§ **Aim of the exercise**
Nothing but the lines below from the one containing "Boy e man Thumb" through the one containing "in the Kitchen" should appear in the answer, exact and without pictures.

§ **Extracted data**
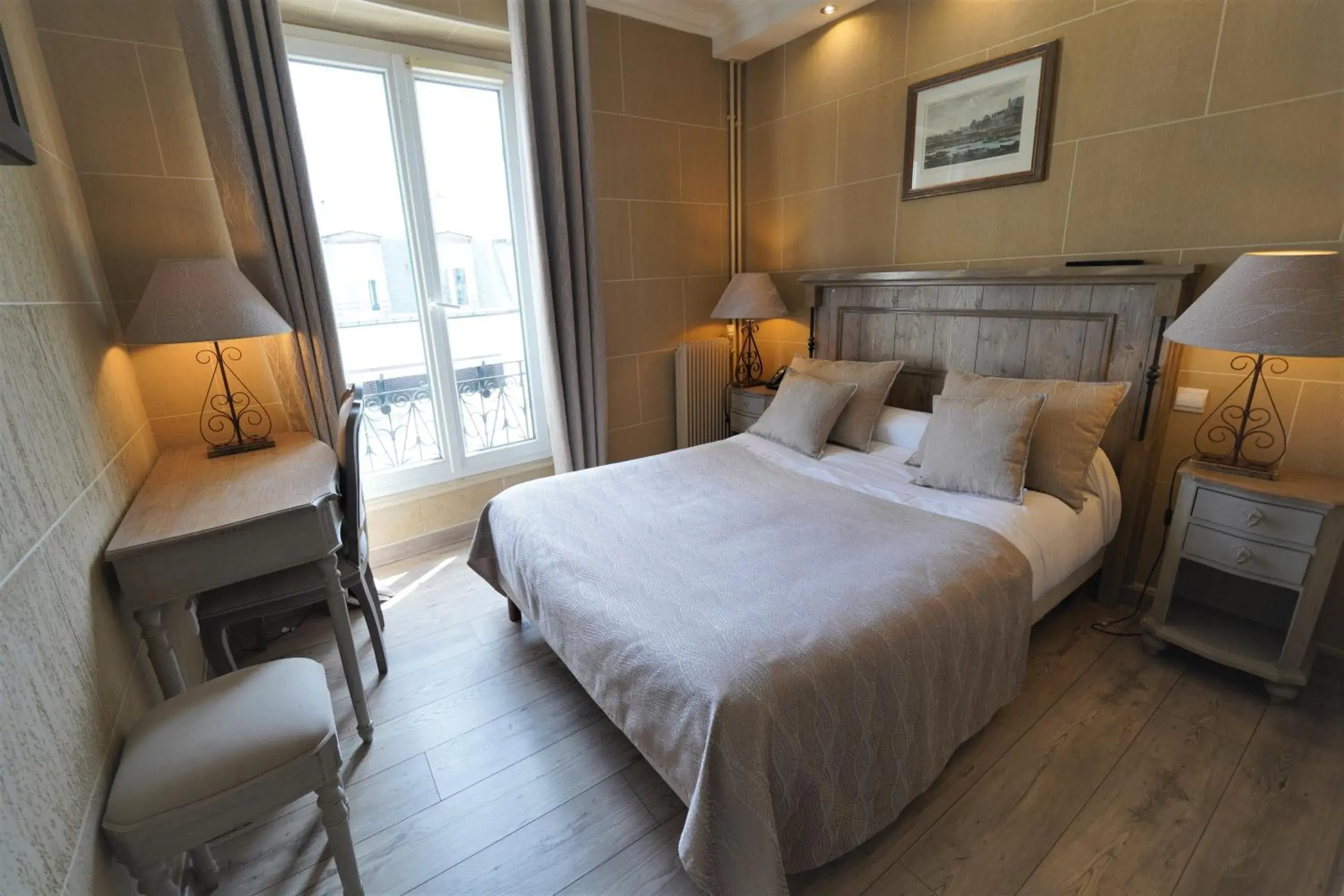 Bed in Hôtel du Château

---

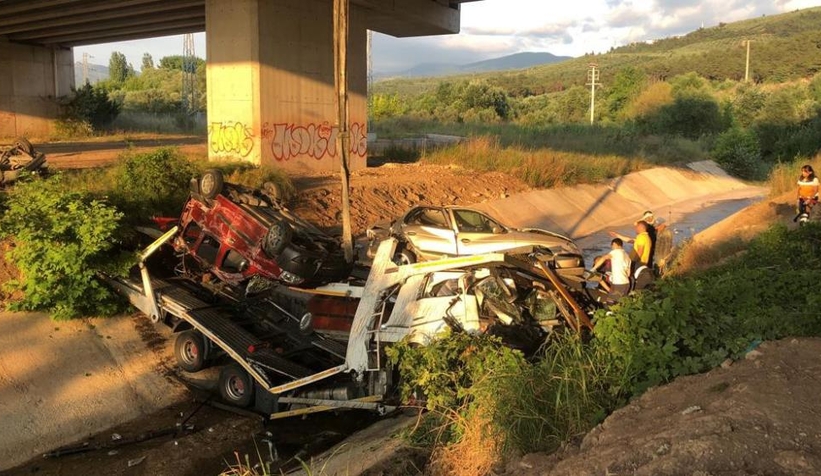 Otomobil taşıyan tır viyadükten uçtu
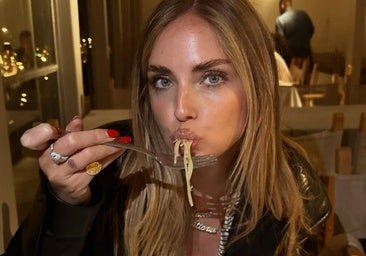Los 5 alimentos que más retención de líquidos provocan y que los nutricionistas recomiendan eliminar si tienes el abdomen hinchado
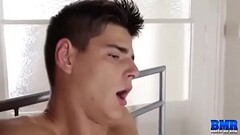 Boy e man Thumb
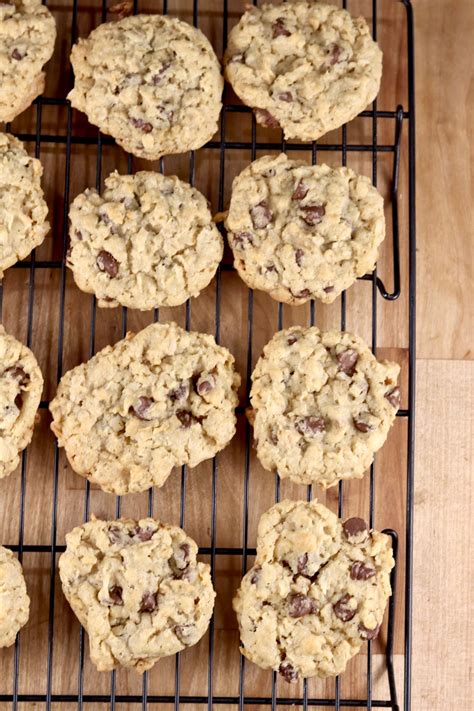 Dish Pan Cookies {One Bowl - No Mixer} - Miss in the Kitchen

--

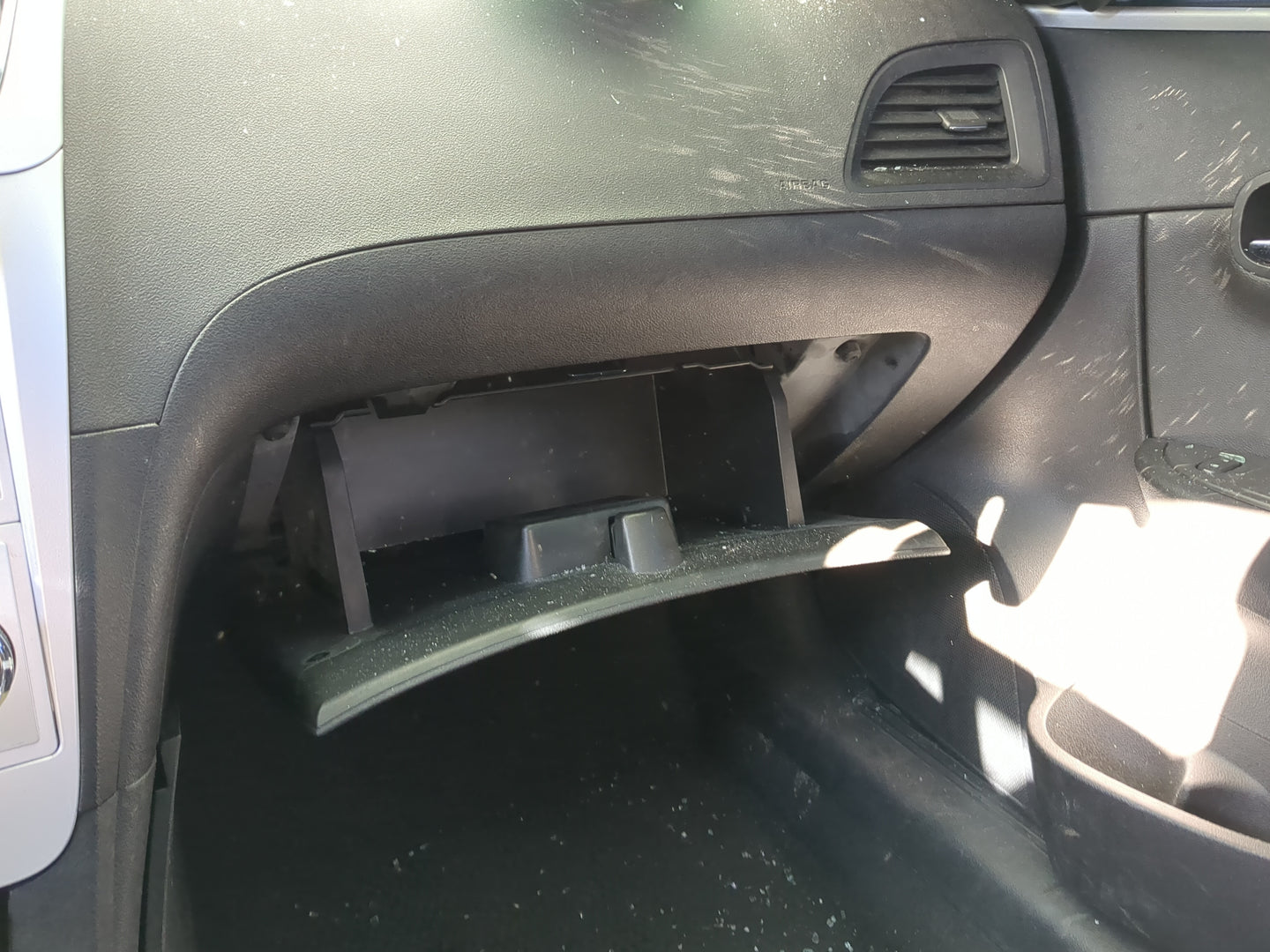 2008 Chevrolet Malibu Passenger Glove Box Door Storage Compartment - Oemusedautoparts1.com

§ **Solution to the exercise**
 Boy e man Thumb
 Dish Pan Cookies {One Bowl - No Mixer} - Miss in the Kitchen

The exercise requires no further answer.